Inside 1989, the discovery of the gene that leads to cystic fibrosis and the cystic fibrosis transmembrane conductance regulator (CFTR) protein10, eleven greatly increased interest within the scientific community in this life-shortening genetic disease, which influences approximately 75, 000 patients worldwide. Together with support from the Cystic Fibrosis Foundation (CFF) and the National Institutes of Health (NIH), researchers swiftly expanded knowledge about the biogenesis, maturation, and perform of CFTR, a regulated epithelial anion channel12; such knowledge provided the necessary scientific framework for the development of therapeutic goals. In addition, an international consortium13 recognized more than 1700 mutations and described genotype-phenotype correlations with standard case definitions, 14 which enabled a precision-medicine strategy to therapeutic development. Within the 1990s, attempts were made to treat cystic fibrosis by gene-replacement remedy provided to airway epithelia. Even though early in vitro15 and in vivo studies16 provided proof of concept, many barriers, including a robust host immune response, were encountered. 17 These obstacles ended such initial clinical development programs.

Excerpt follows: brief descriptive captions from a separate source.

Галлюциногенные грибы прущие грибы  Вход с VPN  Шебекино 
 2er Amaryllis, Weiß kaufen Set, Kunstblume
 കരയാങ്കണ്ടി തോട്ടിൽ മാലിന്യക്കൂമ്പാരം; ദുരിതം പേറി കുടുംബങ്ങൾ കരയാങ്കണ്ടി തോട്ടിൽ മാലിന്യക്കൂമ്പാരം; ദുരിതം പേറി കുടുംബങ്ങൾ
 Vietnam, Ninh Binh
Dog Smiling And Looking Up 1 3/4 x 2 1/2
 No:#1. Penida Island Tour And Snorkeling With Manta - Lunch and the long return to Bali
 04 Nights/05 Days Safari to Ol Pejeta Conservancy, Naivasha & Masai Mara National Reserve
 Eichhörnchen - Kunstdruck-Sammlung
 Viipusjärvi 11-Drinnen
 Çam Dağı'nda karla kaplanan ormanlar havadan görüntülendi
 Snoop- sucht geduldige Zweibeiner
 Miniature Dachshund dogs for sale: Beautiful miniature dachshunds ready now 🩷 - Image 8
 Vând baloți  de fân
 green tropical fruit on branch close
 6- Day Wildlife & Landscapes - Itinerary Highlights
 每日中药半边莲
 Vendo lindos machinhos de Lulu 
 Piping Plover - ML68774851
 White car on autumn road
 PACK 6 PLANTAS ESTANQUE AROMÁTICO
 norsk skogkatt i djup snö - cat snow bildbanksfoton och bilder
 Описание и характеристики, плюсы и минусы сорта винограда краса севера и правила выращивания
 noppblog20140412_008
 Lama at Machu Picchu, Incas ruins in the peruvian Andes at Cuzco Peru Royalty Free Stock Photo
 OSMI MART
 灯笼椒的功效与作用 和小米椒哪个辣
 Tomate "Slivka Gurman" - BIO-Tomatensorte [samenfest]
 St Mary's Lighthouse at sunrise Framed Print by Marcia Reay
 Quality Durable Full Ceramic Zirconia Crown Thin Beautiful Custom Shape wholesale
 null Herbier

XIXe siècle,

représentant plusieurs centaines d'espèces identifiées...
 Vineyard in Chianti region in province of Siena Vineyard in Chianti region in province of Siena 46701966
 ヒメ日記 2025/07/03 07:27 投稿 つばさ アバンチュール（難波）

In the decade following your discovery of the cystic fibrosis gene, scientific knowledge expanded but did not cause a remedy that corrected CFTR function. In 1999, the CFF launched the Healing Development Program (TDP) to attract both academic and industry partners and get started high-throughput screening for CFTR modulators. 18, 19 The CFF embraced the concept of venture philanthropy9, 20 to improve the interest of industry in an orphan disease. However, the success of the TDP was based on far more than financial support. 21 The program created a cultural change that allowed the CFF, academic clinicians and scientists, federal agencies (the NIH and FDA), and industry to create a strong partnership with common goals and timelines.